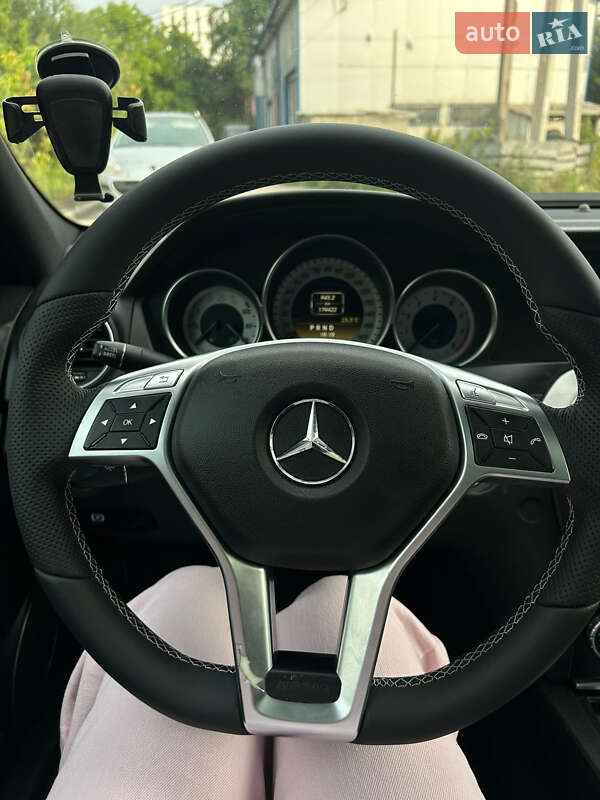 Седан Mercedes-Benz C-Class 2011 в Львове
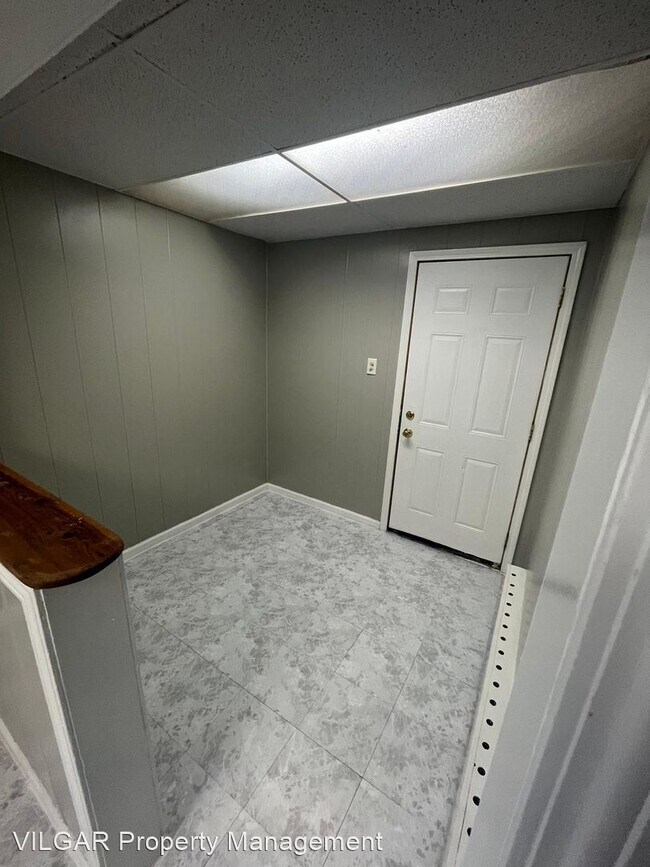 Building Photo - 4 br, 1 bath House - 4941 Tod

****

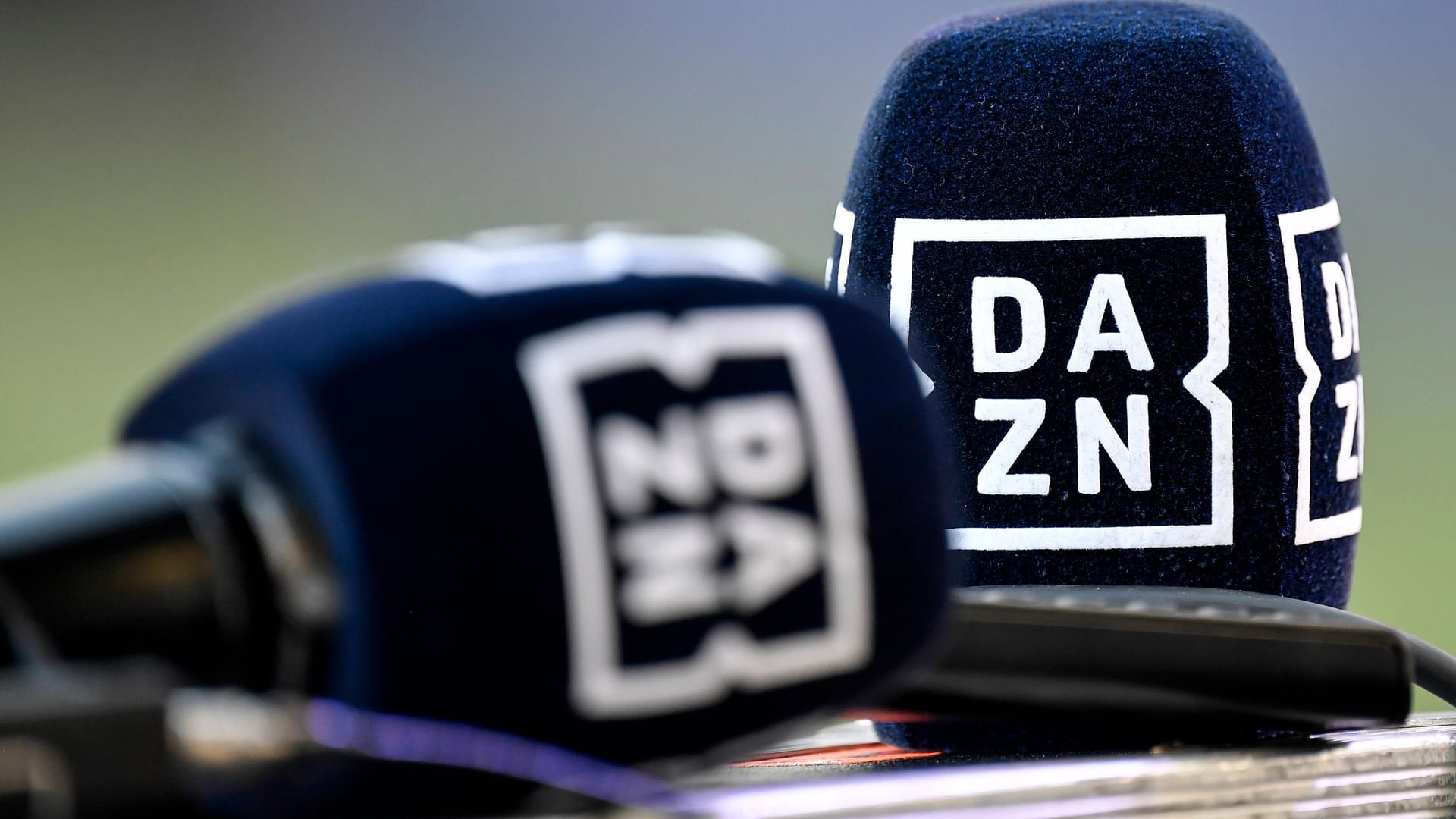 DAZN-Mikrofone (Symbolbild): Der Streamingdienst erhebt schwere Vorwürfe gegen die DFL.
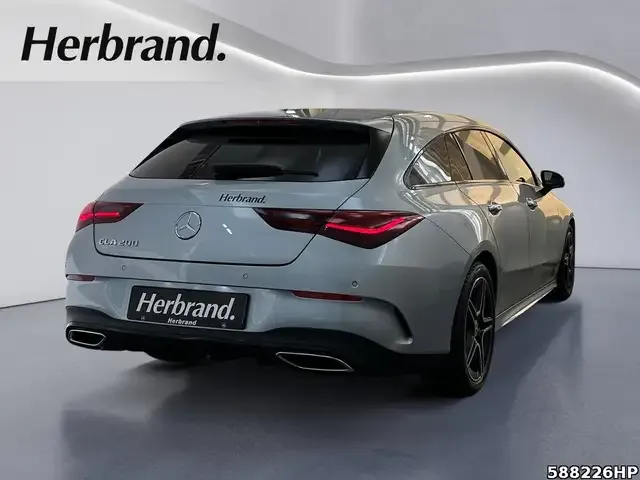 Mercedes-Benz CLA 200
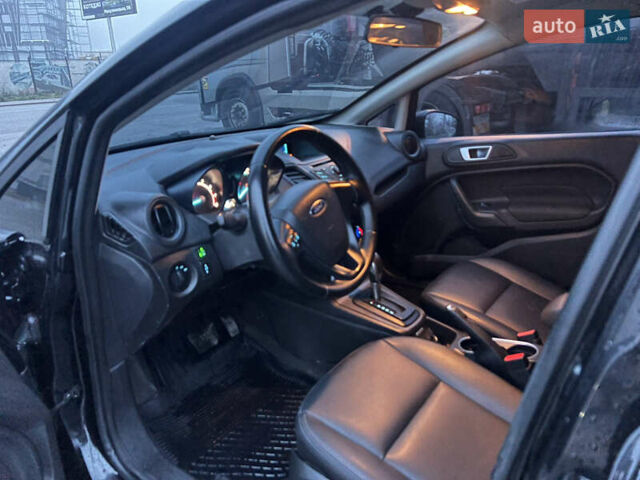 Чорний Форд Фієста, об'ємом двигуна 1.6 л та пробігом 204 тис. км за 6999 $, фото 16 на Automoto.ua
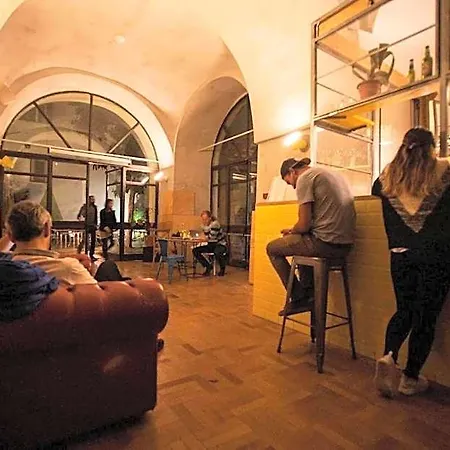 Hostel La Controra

****

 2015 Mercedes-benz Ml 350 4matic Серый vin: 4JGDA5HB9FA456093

****

*Task instructions*: Above are the records. Copy word for word only their lines from the one holding "Седан Mercedes-Benz C-Class 2011 в Львове" through the one holding "Building Photo - 4", both included, and skip the images.

*Expected answer*:
 Седан Mercedes-Benz C-Class 2011 в Львове
 Building Photo - 4 br, 1 bath House - 4941 Tod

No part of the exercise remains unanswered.